*Problem*
Please restate each line of the data below exactly. Omit all images.
Supplied material Start Marker
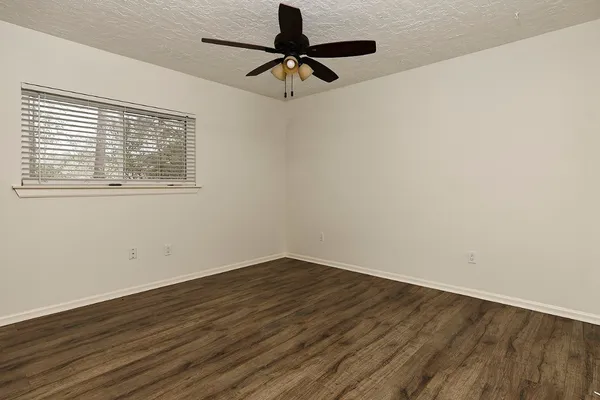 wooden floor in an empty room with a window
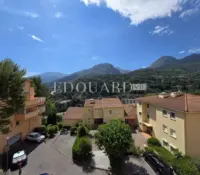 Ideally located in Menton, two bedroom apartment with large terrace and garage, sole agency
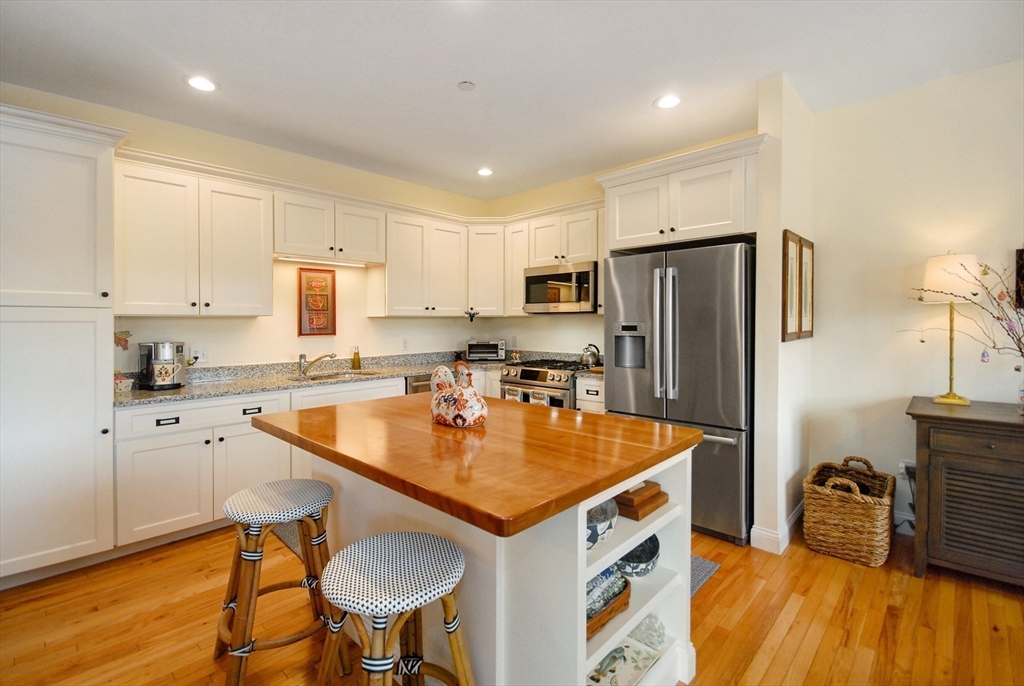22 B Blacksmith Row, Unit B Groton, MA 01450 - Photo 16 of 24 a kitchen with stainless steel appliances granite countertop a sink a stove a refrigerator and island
Supplied material End Marker
*Answer section*
 wooden floor in an empty room with a window
 Ideally located in Menton, two bedroom apartment with large terrace and garage, sole agency
22 B Blacksmith Row, Unit B Groton, MA 01450 - Photo 16 of 24 a kitchen with stainless steel appliances granite countertop a sink a stove a refrigerator and island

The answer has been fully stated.